Our rainy weather has postponed the start of repairs to fix a noxious smell at the Bridgeton landfill.
Landfill owners, Republic Services had warned residents that the smell will get worse during the early phase of moving things around to ultimately snuff the stench.
Residents who live near by have been offered expenses to stay in a hotel. All work should be completed by June 14th.
People who live within a mile of the smelly Bridgeton Landfill are being offered alternative housing until crews remove concrete pipe sections to get rid of the stench.
The Post Dispatch reports the program is voluntary and will be offered to residents living in Spanish Village, Terrisan Reste mobile home community and certain areas of the Carrollton Village Condominiums.
The landfill is offering to pay hotel lodging fees and taxes at an extended say hotel selected by Bridgeton Landfill officials.
The project is expected to last until June 14.
The action follows testing by the Missouri Department of Natural Resources that showed elevated levels of hydrogen sulfide in the air. The noxious compound can cause headaches, eye, nose and throat irritation, and even breathing trouble.
But a representative for the company that owns the landfill, Republic Services, denies any danger. Republic officials say EPA and DNR testing show the odor presents no risk to the public.
A report on the DNR website says the levels of hydrogen sulfide are high enough to warrant monitoring and would pose a health risk if they intensify further.
The Department of Natural Resources on Friday released a summary of recent air sampling results from the landfill.
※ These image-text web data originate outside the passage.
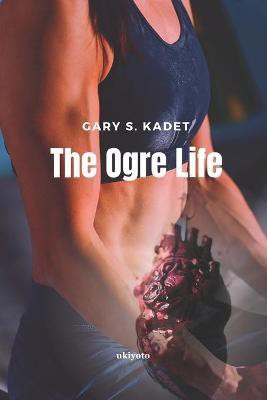 The Ogre Life(English, Paperback, S Kadet Gary)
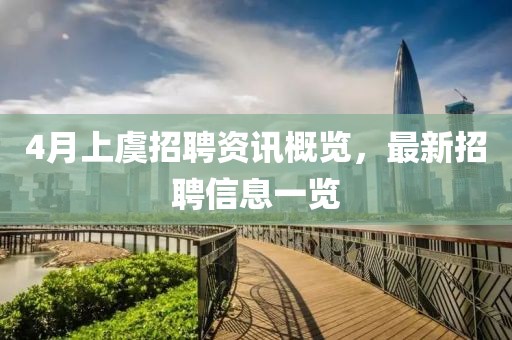 4月上虞招聘资讯概览，最新招聘信息一览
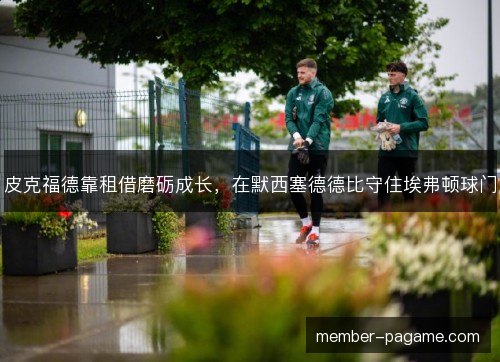 皮克福德靠租借磨砺成长，在默西塞德德比守住埃弗顿球门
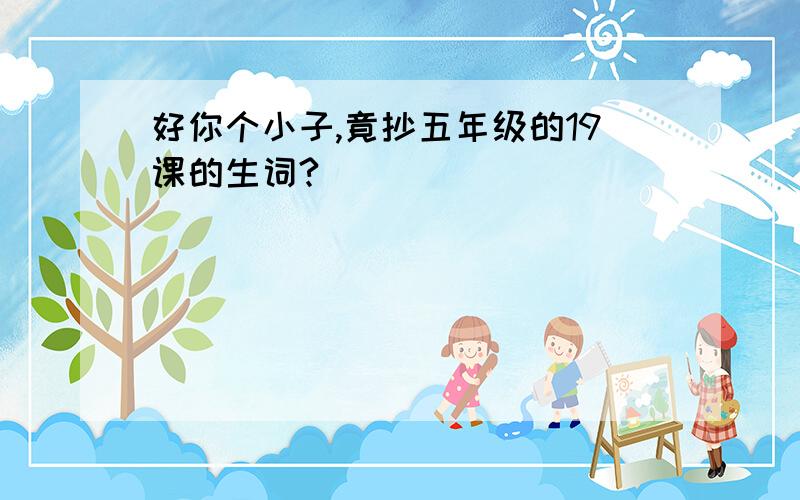 好你个小子,竟抄五年级的19课的生词?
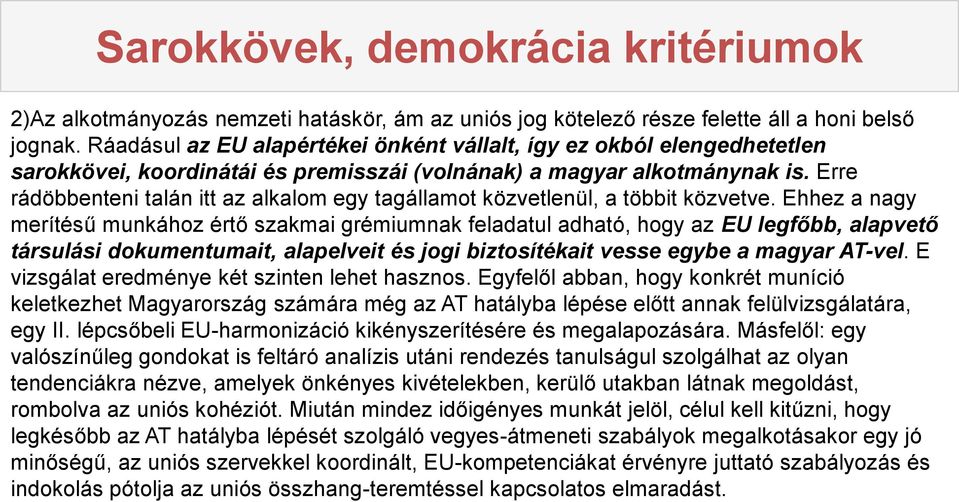 Erre rádöbbenteni talán itt az alkalom egy tagállamot közvetlenül, a többit közvetve.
The samples showed "concentrations did not exceed a level of concern for public health." One sample collected near the landfill boundary, however, had a benzene concentration above the level considered safe.
An area deep within the inactive landfill has been smoldering for more than two years, emitting a foul odor that has generated several complaints.
Landfill operator, Phoenix-based Republic Services Inc., says it's spending millions of dollars to address the problem.
An environmental group says more testing is needed.